As HHoF Ken Dryden wrote in 2022, “All the players’ amazing skills, developed in hours of practice, visualizing and dreaming in basements, on roads and local rinks, in drills with coaches and expert teachers, their minds and hands now able to move as fast as their feet, to find and use all the open ice that is there. But with so little open ice where open ice matters, for what?”
NHL sweats will tell you that’s how it must be played. With 80 percent of the action occurring within three feet of the boards you need grinders and pluggers to win. Fair enough. There is certainly a market for it. But that style is also a restrictor on your reach. Does dumbing down the Final serve to restrict the growth of the sport at a higher level?
What if the NHL were to open up the game as Dryden suggests, letting its superstars roam? “This game, one that allows for such speed and grace, one that has so much open ice, is now utterly congested… Never in hockey’s history has a tail so wagged the dog.” Look at how the NBA, NFL and soccer market their stars globally. Now compare that to the NHL.

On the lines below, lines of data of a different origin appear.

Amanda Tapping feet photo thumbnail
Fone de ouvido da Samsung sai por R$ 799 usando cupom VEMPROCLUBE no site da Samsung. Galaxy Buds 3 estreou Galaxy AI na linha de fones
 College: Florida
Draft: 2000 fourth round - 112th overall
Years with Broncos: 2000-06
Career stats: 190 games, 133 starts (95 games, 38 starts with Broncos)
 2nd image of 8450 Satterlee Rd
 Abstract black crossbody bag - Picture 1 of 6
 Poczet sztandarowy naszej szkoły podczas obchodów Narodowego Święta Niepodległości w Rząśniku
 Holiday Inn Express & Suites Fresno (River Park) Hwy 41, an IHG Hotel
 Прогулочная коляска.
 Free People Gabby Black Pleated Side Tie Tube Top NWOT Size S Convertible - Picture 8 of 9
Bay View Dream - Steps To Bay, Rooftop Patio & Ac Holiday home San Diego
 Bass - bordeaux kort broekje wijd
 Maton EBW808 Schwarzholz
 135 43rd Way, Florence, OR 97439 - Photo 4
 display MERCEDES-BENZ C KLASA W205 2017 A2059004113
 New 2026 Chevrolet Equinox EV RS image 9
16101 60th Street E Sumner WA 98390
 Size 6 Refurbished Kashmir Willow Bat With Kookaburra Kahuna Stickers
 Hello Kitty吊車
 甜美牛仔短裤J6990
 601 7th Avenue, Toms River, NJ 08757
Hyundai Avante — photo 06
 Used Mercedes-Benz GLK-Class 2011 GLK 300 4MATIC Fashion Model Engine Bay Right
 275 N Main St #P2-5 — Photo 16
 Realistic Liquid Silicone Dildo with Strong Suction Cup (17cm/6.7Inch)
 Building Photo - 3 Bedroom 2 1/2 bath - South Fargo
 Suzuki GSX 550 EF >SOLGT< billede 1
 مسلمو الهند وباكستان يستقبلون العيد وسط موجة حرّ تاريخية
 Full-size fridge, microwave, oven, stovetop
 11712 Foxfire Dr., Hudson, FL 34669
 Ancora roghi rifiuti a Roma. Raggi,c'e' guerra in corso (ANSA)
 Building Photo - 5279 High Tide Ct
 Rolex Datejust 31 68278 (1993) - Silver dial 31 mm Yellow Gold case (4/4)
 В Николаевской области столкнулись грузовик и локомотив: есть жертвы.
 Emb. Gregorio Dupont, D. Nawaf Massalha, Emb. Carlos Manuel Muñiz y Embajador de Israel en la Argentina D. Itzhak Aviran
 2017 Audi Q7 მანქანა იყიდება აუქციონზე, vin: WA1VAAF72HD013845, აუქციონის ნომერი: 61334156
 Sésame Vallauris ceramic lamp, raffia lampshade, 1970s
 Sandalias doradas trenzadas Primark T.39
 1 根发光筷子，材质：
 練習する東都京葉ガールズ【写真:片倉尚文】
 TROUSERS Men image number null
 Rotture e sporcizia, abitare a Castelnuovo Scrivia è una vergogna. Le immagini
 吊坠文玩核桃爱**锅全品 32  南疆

In the NBA’s Steph Curry era the game has been freed up from big guys clogging the middle. MVP Nikola Jokic can shoot from inside and a way outside. “If a big guy can’t pass and shoot, there’s no place for him. With big guys dispersed and away from the basket, little guys now even get rebounds… This NBA game, played on a much smaller surface than a hockey rink, is now far more open, much less congested,” writes Dryden.

Would taking Dryden’s prescription for opening up— larger nets, smaller goalie equipment— be the step toward greater creativity, making a global business model for hockey instead of more of Gary Bettman’s cash-grab expansion plans?
The question struck us last week as we saw the Saudi LIV Golf owners in effect buy out the PGA Tour after a short, nasty fight. After 18 months of sniping at the Saudi-backed scheme for debasing the product— and letting top stars like Rory McIlroy get caught up in the rhetoric— the PGA Tour suddenly folded like a cheap suit last week.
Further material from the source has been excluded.